### What is being asked
Copy out exactly the stretch below, from the line with "Vivienda turística reformada" through the line with "Крымские спасатели помогли", both included; the pictures stay out.

### Materials provided
------------
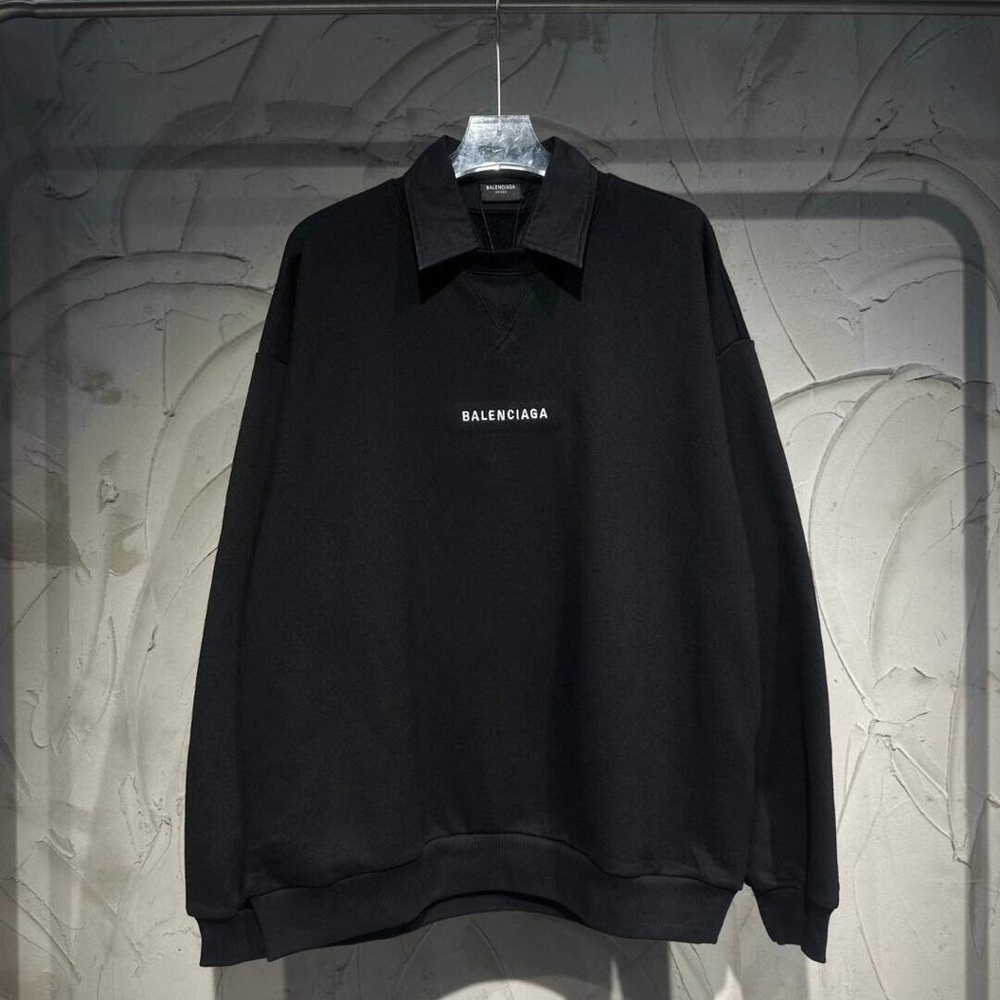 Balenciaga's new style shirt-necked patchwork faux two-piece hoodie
------------
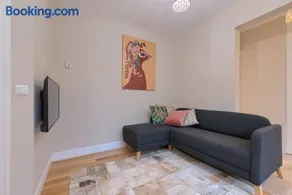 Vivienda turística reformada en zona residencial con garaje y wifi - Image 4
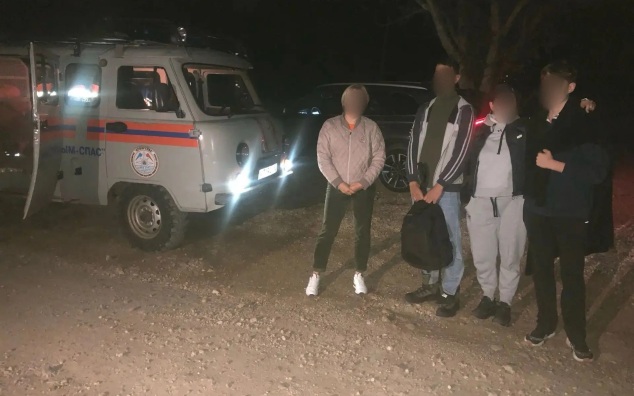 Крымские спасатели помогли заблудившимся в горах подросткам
------------
### Task output
 Vivienda turística reformada en zona residencial con garaje y wifi - Image 4
 Крымские спасатели помогли заблудившимся в горах подросткам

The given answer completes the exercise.